Masyarakat Adat dalam Lingkaran Investasi

Masyarakat Adat dalam Lingkaran Investasi

Karikatur M. Nurul Fajri. [Dok. Pribadi]

Jika salah satu aspek fundamental pada ekosistem ekonomi ialah kepastian hukum dalam berusaha, maka persoalan itu tidak sekadar dijawab dengan adanya dasar hukum yang jelas. Akan tetapi, hukum itu selain bersifat pasti, dalam pelaksanaannya juga dibentuk untuk mencegah terjadinya konflik di kemudian hari. Dengan kata lain hukum yang mampu memberikan jaminan keadilan untuk semua pihak dalam pelaksanaannya.

Dalam pembentukan dan pelaksanaan hukum tersebut, titik singgung antara negara, masyarakat hukum adat (MHA) dan investor kerap kali menciptakan gesekan keras bahkan saling berbenturan. Di mana salah satu penyebabnya akibat lemahnya pengaturan yang dapat menjembatani masing-masing kepentingan. Sayangnya, korban terbesar seringkali datang dari MHA. Dengan dampak kerugian berupa materil, psikologis, serta yang paling krusial mencerabut eksistensi MHA dari akarnya. Akibat hilangnya ruang hidup sesuai dengan karakter MHA yang genealogis-teritorial.

Pada masa pemerintahan Joko Widodo kemudahan berinvestasi itu tampak nyata. Mulai dari paket kebijakan ekonomi I-XVI, pembatalan sekitar 3.143 peraturan daerah yang dianggap menghambat investasi, lahirnya Undang-Undang Pengampunan Pajak yang dikenal dengan istilah amnesti pajak, hingga lahirnya UU Cipta Kerja dengan mengadopsi konsep omnibus law.

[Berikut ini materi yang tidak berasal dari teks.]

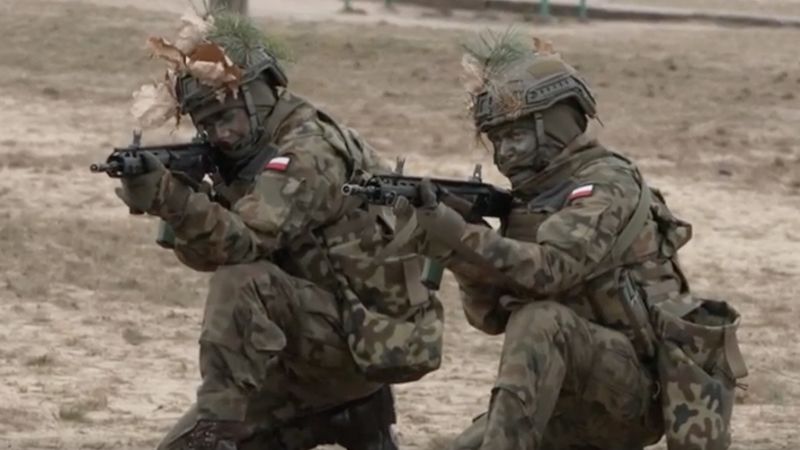 NextImg:'Patriotism is the common denominator': Poland volunteer fighters respond to the war next door | CNN Politics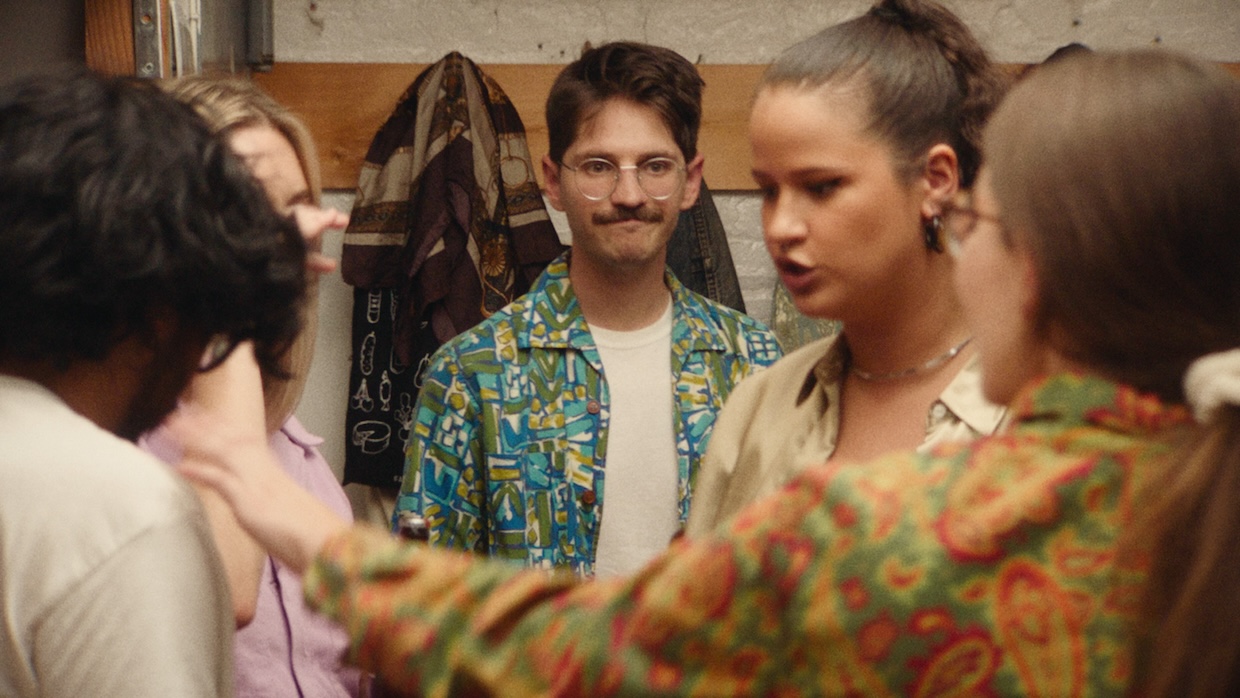 A white man with a mustache smirks at the back of a crowded room.
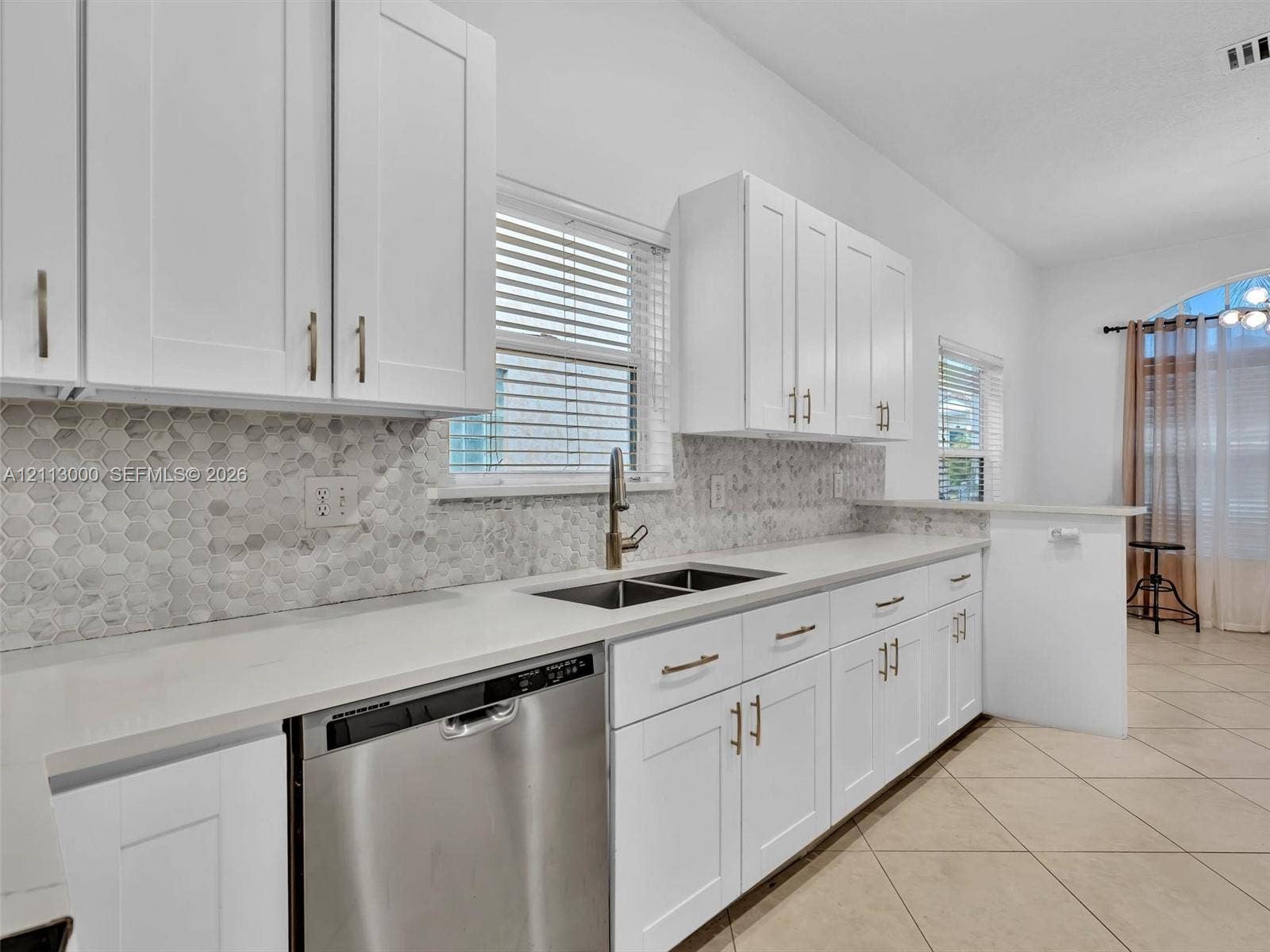 10860 La Salinas Circle, Boca Raton, FL 33428 Kitchen featuring white shaker-style cabinetry, a stone hexagonal tile backsplash, quartz countertops, a stainless steel dishwasher, and a gooseneck faucet
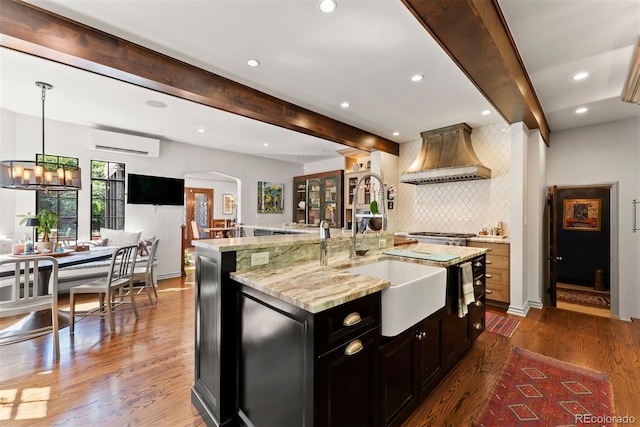 kitchen with a sink, a large island, a wall mounted AC, custom exhaust hood, and dark wood-style floors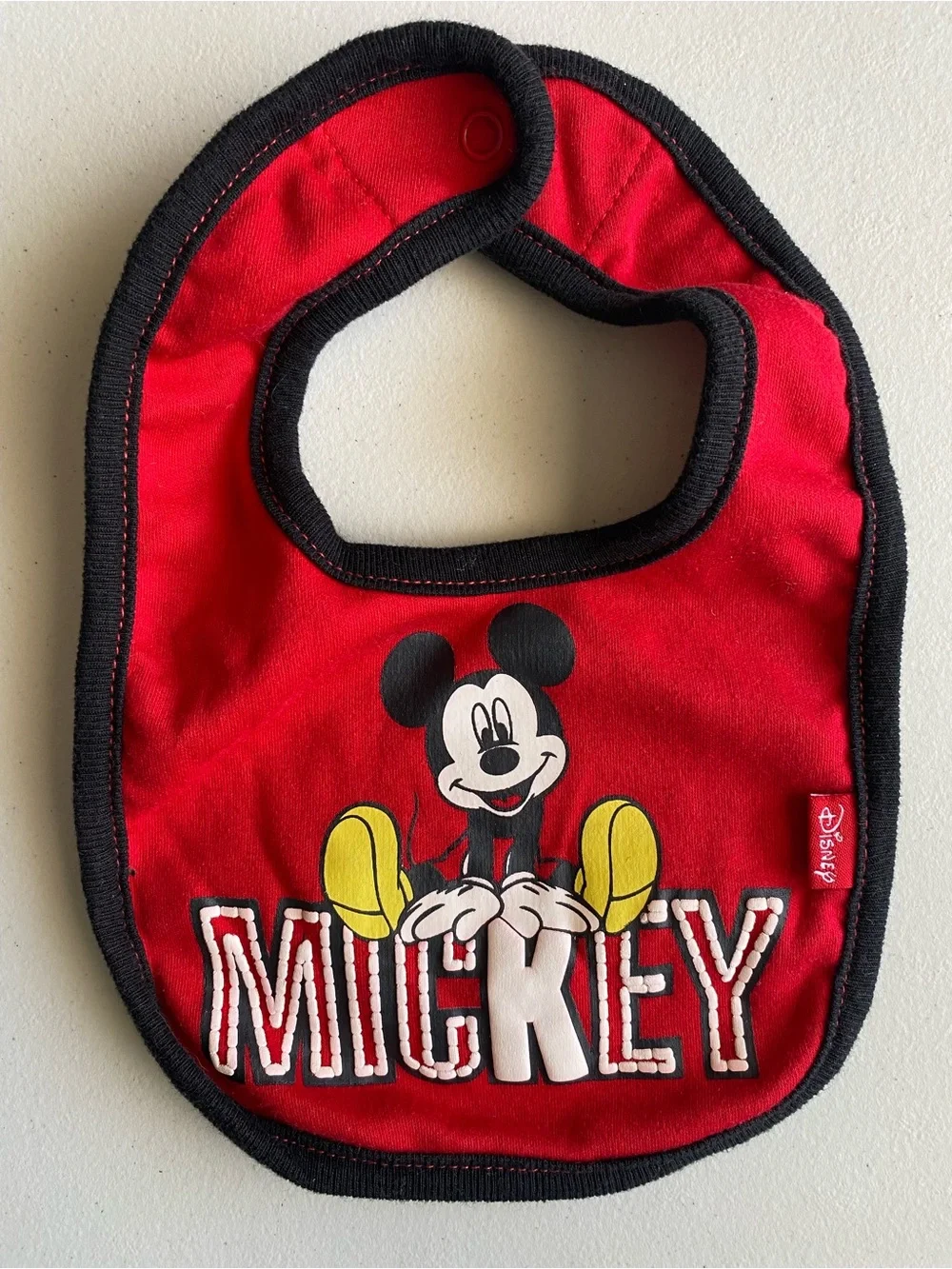 Disney Mickey Mouse Baby Bib Red Black Textured Logo Graphic
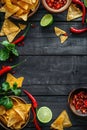 Tortilla chips with red hot chili peppers, lime, and salsa dip on wooden background Royalty Free Stock Photo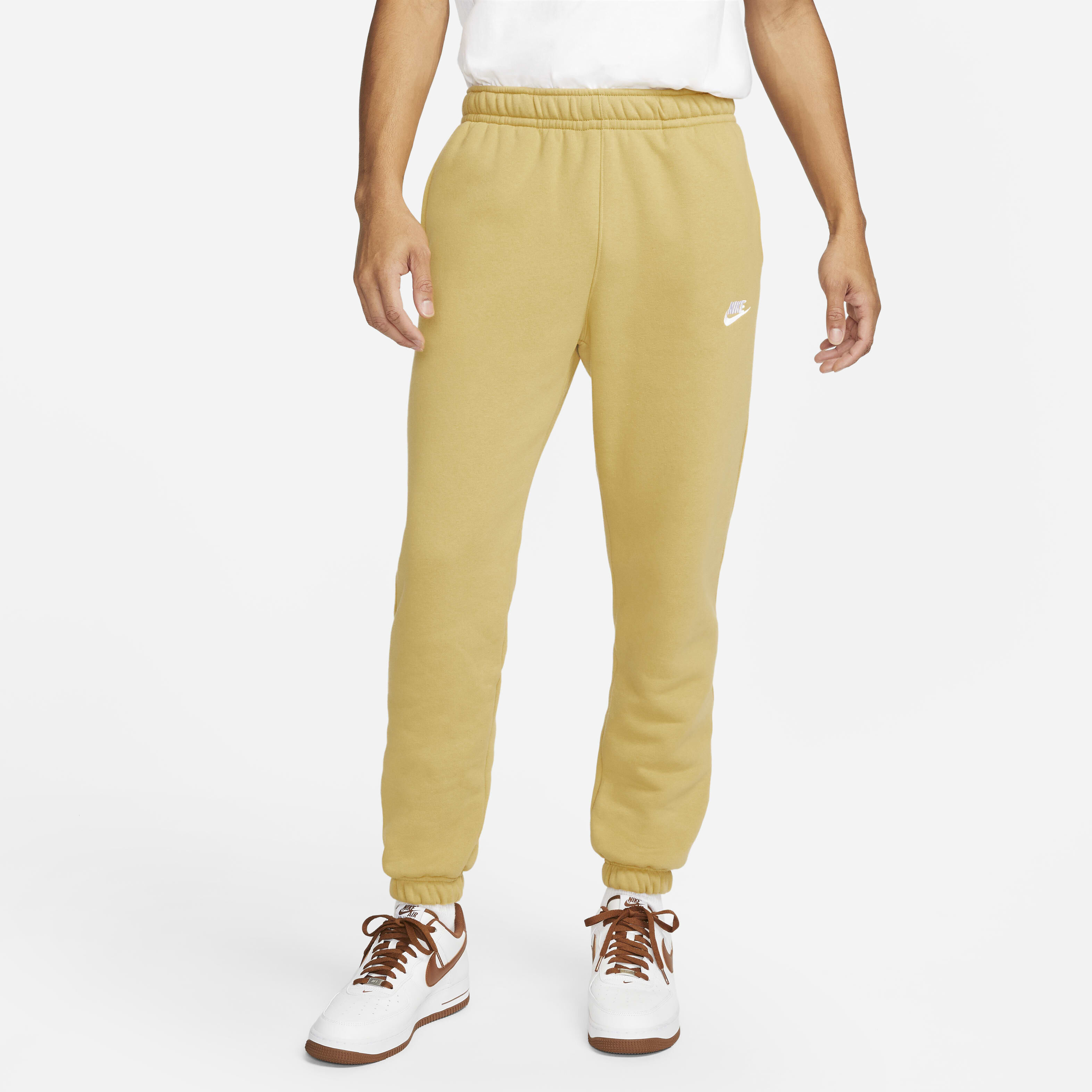 Nike nsw yellow pants hot sale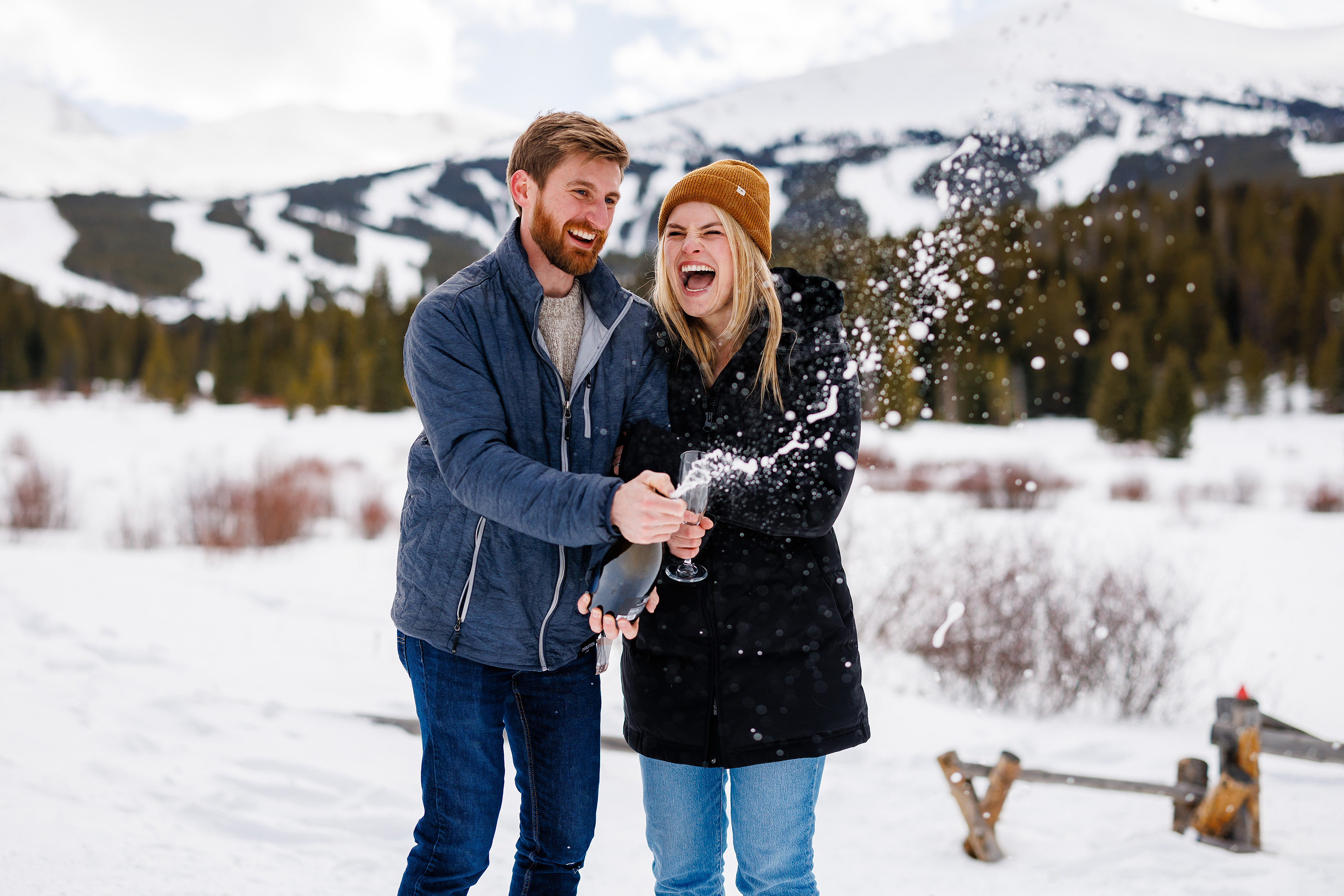 After saying yes to Zac, these two pop a bottle of champagne in celebration of their proposal.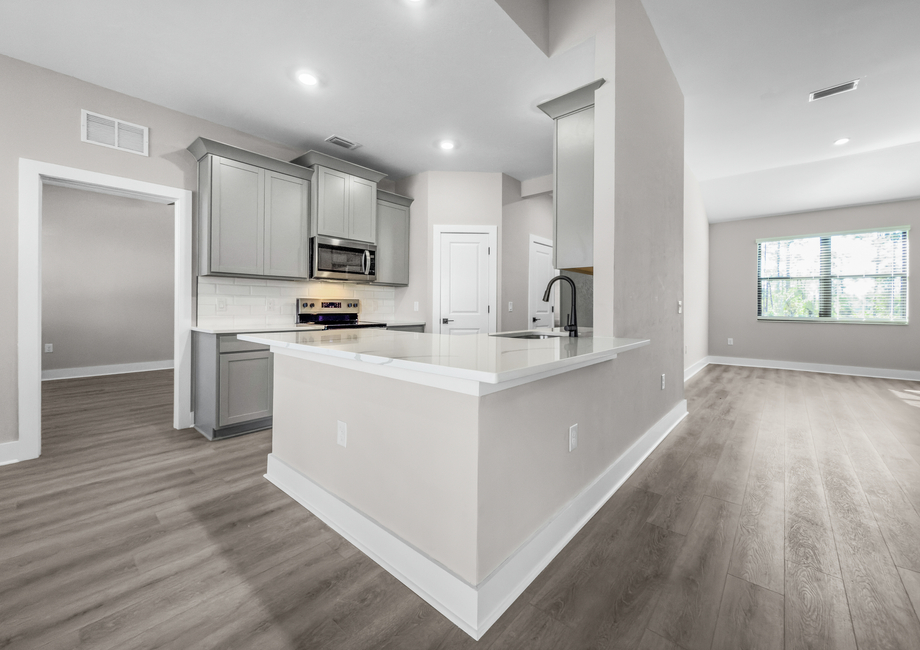 The kitchen includes upgraded, stainless-steel appliances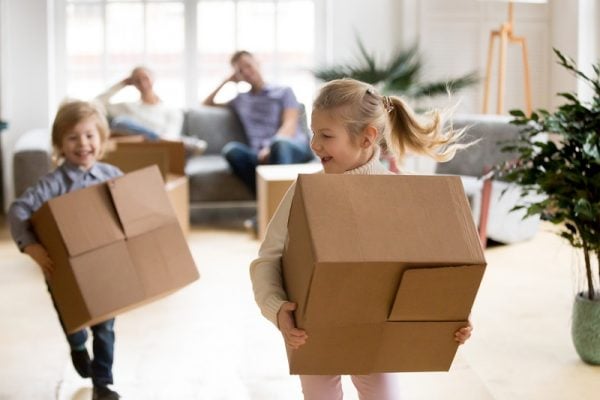 active children enjoying moving day running carrying boxes, excited kids laughing playing in new home while parents take break to rest, happy girl and boy have fun together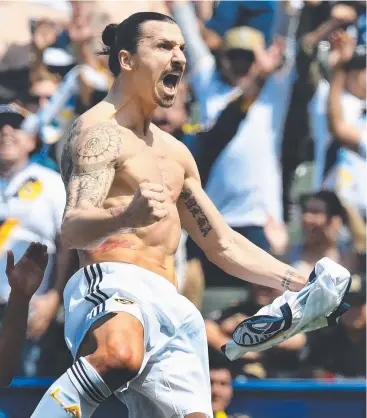  ?? Picture: AFP PHOTO ?? STUNNING DEBUT: Zlatan Ibrahimovi­c celebrates one of his goals for LA Galaxy.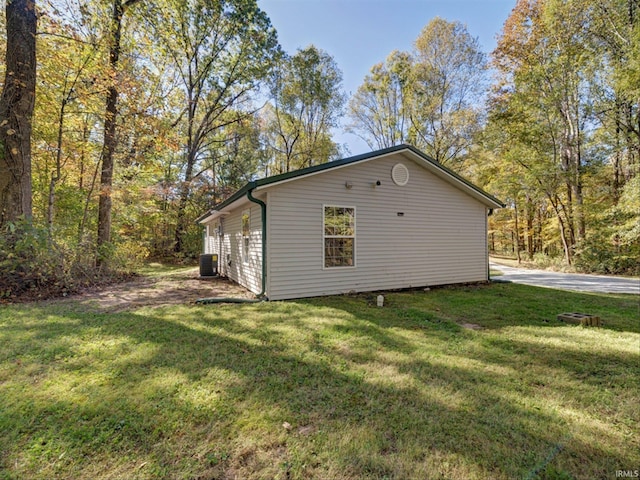 view of side of property featuring cooling unit and a lawn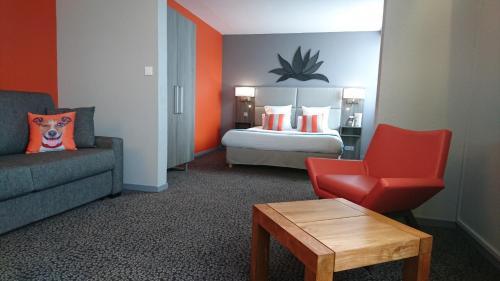 a hotel room with a bed and a couch and a chair at Kyriad Prestige - Bordeaux Aeroport in Mérignac
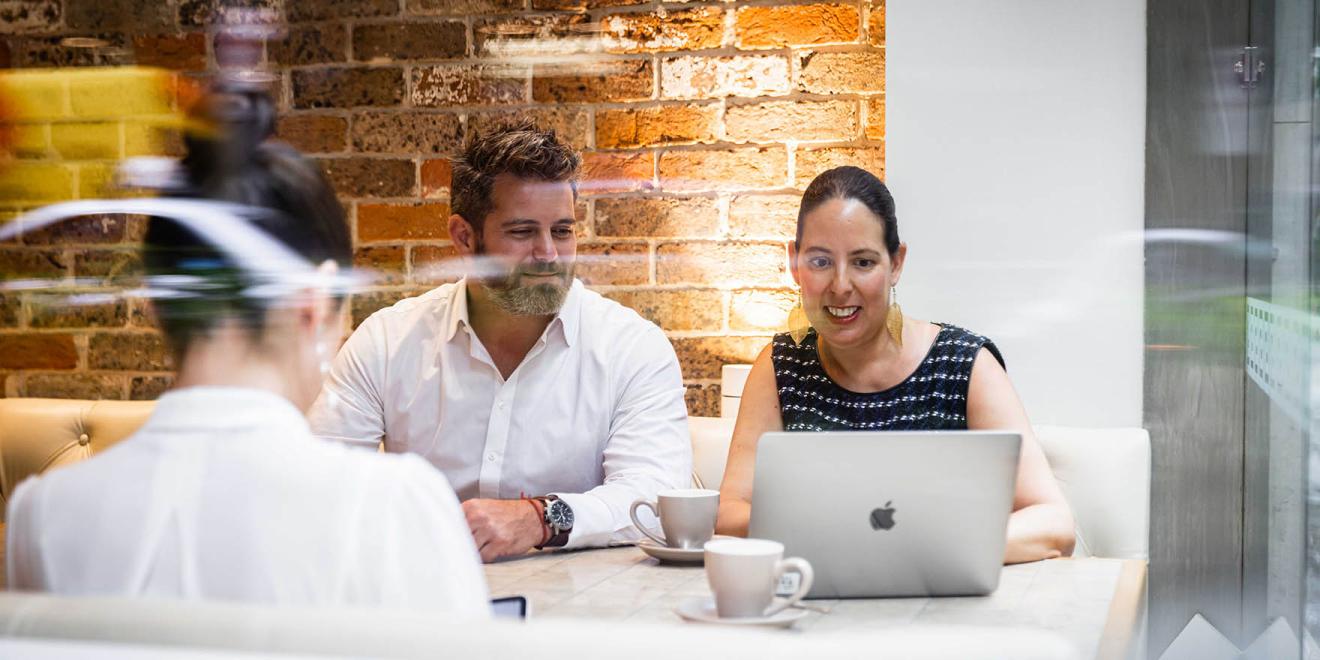 Three people sitting at a table behind glass, working on a laptop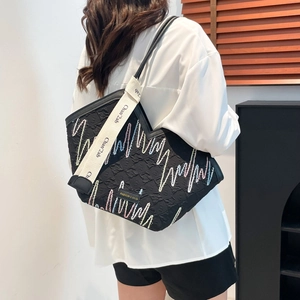 Large black commute tote bag with colorful wave embroidery and woven shoulder strap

Seiring dengan kemudahan berinvestasi tersebut, dalam catatan Konsorsium Pembaruan Agraria (KPA) konflik agraria di Indonesia mencapai 450 konflik sepanjang tahun 2016. Empat tahun kemudian KPA mencatat 241 laporan terkait konflik agraria dari 359 desa dan kota yang tersebar di sejumlah wilayah Indonesia, dengan korban terdampak sebanyak 135.332 kepala keluarga. Kendati angka temuan oleh KPA menurun,  fakta yang tidak dapat dibantah jumlah konflik agraria tersebut tetap besar. Yang artinya upaya dalam menyelesaikan persoalan konflik agraria belum bisa dikatakan menyentuh inti permasalahan.

Menurut Komnas HAM (2015) akar permasalahan terjadi pelanggaran HAM terhadap MHA disebabkan oleh lima faktor, yaitu: 1) tidak atau belum adanya pengakuan sebagai MHA; 2) menyederhanakan keberadaan MHA dan hak-haknya atas wilayah adat serta sumber daya hutan sekedar masalah administrasi atau legalitas; 3) kebijakan pembangunan bias pertumbuhan ekonomi; 4) Partriarki di tubuh negara dan masyarakat adat; dan 5) Kekosongan lembaga penyelesaian konflik agararia yang memiliki otoritas menyelesaikan konflik secara adil.

Dalam konteks ini kebijakan pembangunan terlihat menatap seragam kondisi MHA, atas nama pembangunan dan pertumbuhan ekonomi. Di sisi lain, hukum nasional datang ibarat makhluk asing lewat agenda pembangunannya oleh MHA yang telah hidup dengan sistem norma dan pranata sosialnya jauh sebelum negara hadir. Padahal keberadaan pluralitas norma juga dipandang sebagai wujud kekayaan dalam sistem hukum nasional, yang mestinya direkognisi.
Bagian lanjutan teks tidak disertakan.